### Scraped caption text data:
------------------------------------------------------------------------

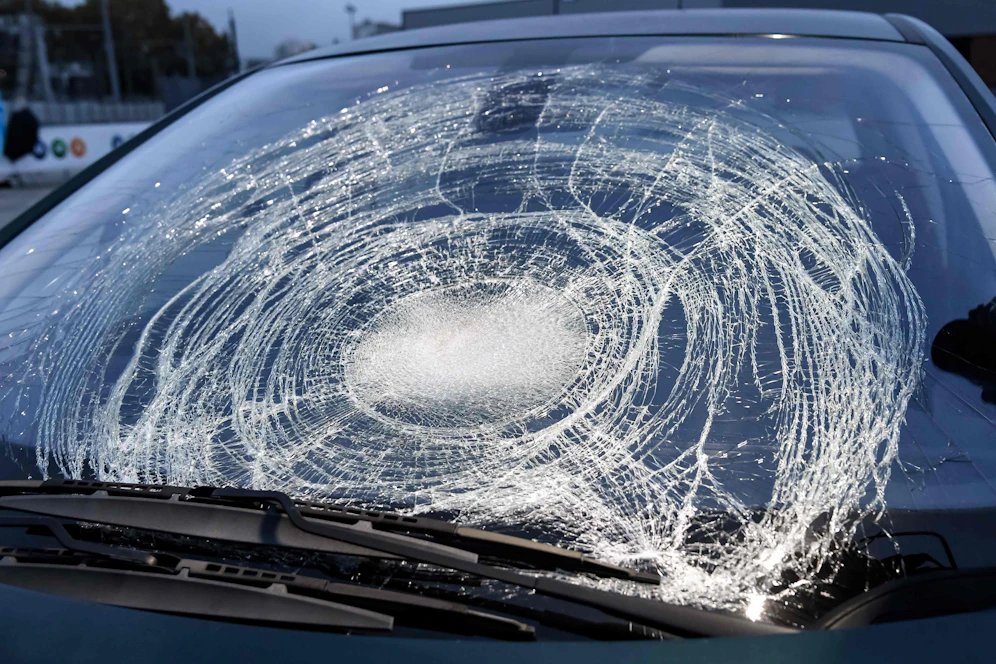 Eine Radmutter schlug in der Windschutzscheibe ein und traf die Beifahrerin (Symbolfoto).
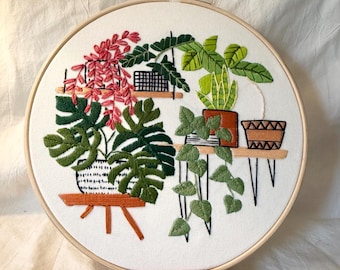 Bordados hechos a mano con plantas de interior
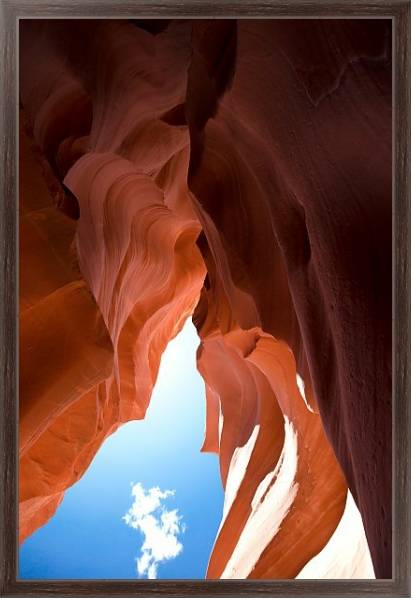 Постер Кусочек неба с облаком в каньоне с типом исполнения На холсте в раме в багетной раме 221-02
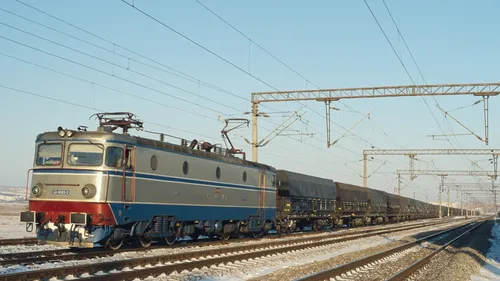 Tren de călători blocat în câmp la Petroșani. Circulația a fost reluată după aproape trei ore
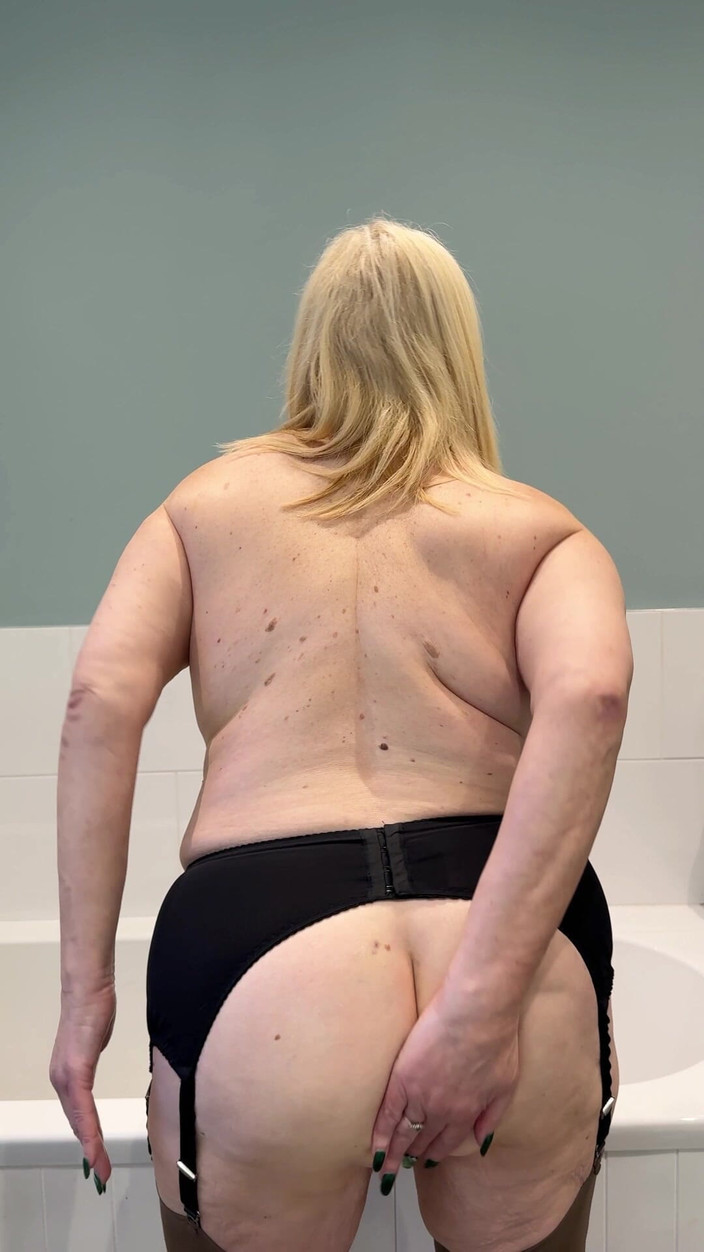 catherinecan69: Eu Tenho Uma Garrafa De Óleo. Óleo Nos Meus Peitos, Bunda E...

------------------------------------------------------------------------

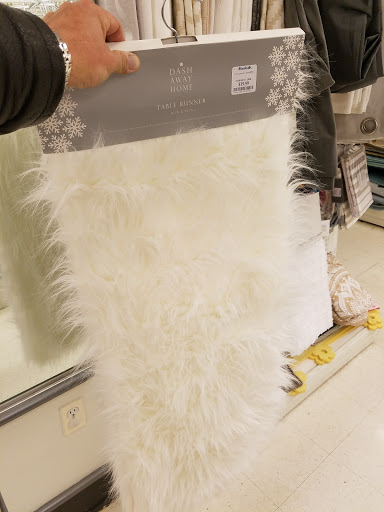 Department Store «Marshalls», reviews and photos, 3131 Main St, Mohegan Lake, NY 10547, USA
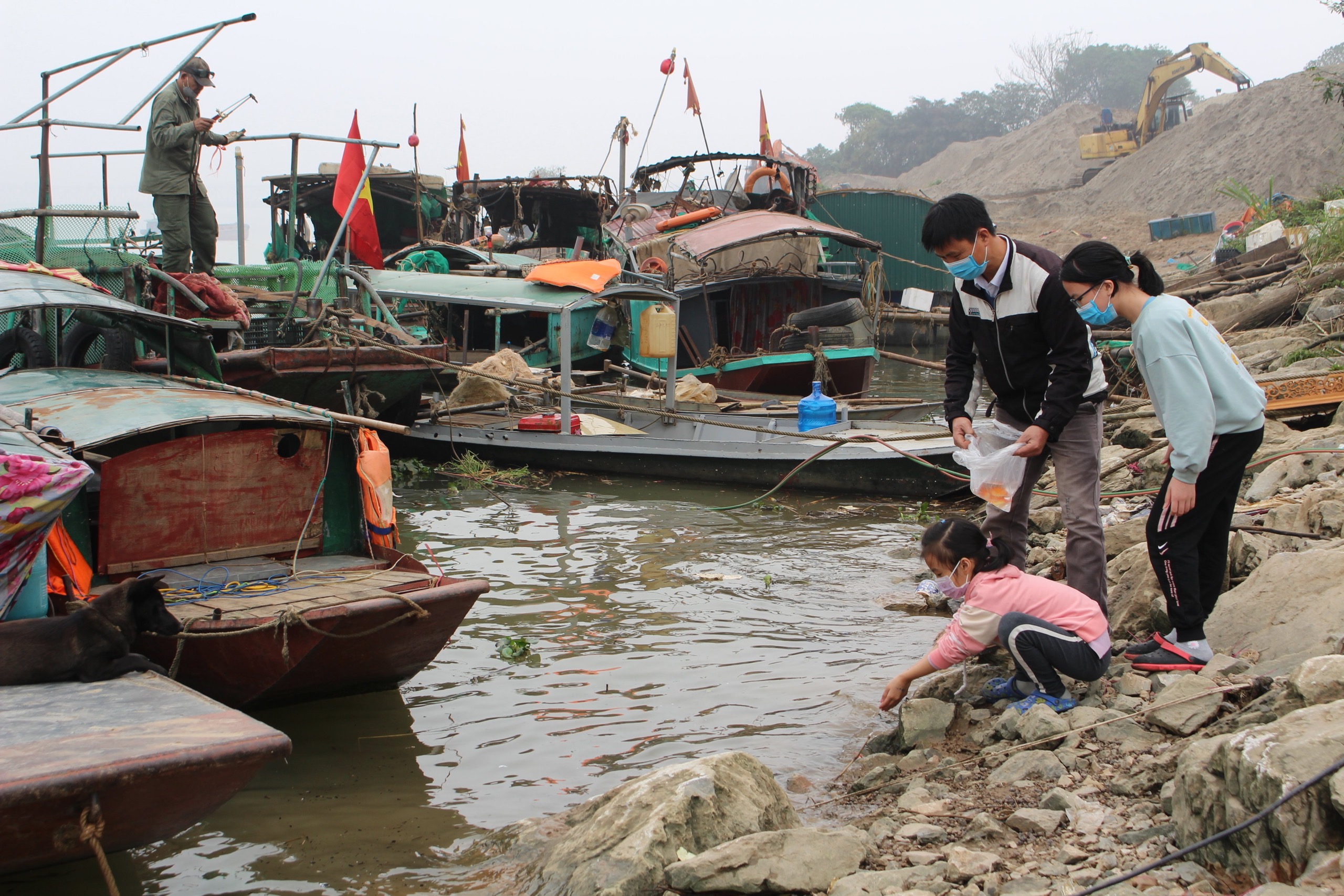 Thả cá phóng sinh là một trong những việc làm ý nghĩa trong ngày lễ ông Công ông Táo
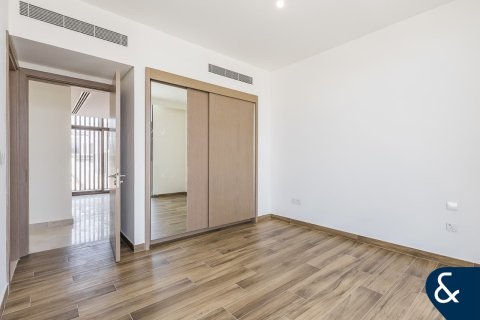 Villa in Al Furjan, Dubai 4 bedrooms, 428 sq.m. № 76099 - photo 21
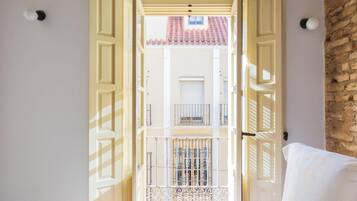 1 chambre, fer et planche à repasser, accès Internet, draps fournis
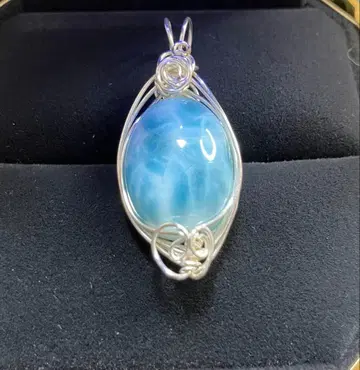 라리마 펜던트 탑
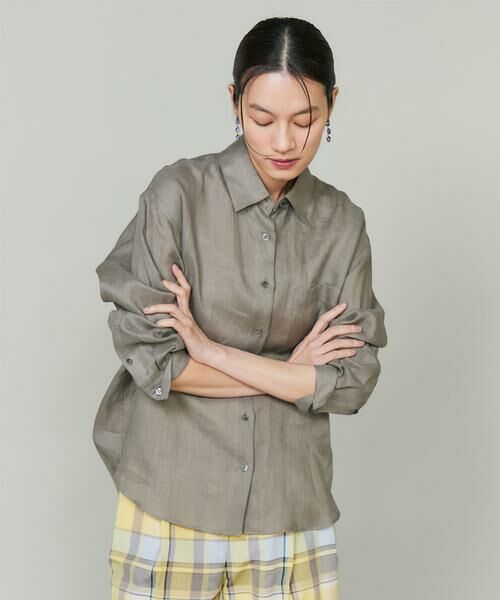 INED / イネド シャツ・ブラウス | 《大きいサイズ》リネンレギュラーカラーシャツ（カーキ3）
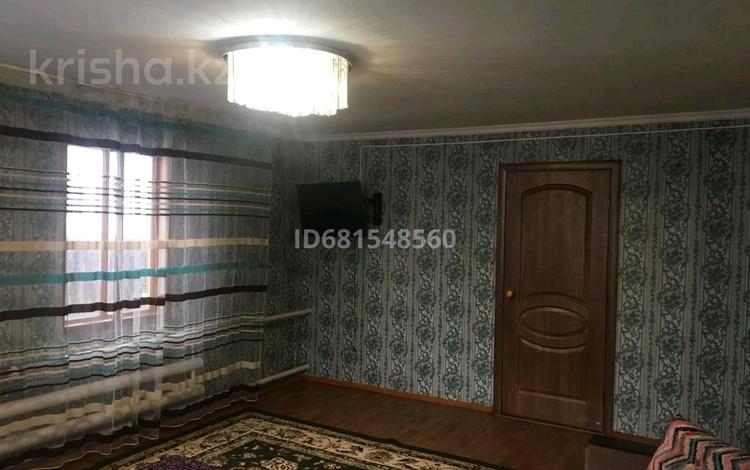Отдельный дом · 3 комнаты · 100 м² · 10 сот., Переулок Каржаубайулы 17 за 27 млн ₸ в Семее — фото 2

------------------------------------------------------------------------

Exact copy, pictures excluded: every line above from the one containing "Bordados hechos a" to the one containing "catherinecan69: Eu Tenho", inclusive, and nothing more.

 Bordados hechos a mano con plantas de interior
 Постер Кусочек неба с облаком в каньоне с типом исполнения На холсте в раме в багетной раме 221-02
 Tren de călători blocat în câmp la Petroșani. Circulația a fost reluată după aproape trei ore
 catherinecan69: Eu Tenho Uma Garrafa De Óleo. Óleo Nos Meus Peitos, Bunda E...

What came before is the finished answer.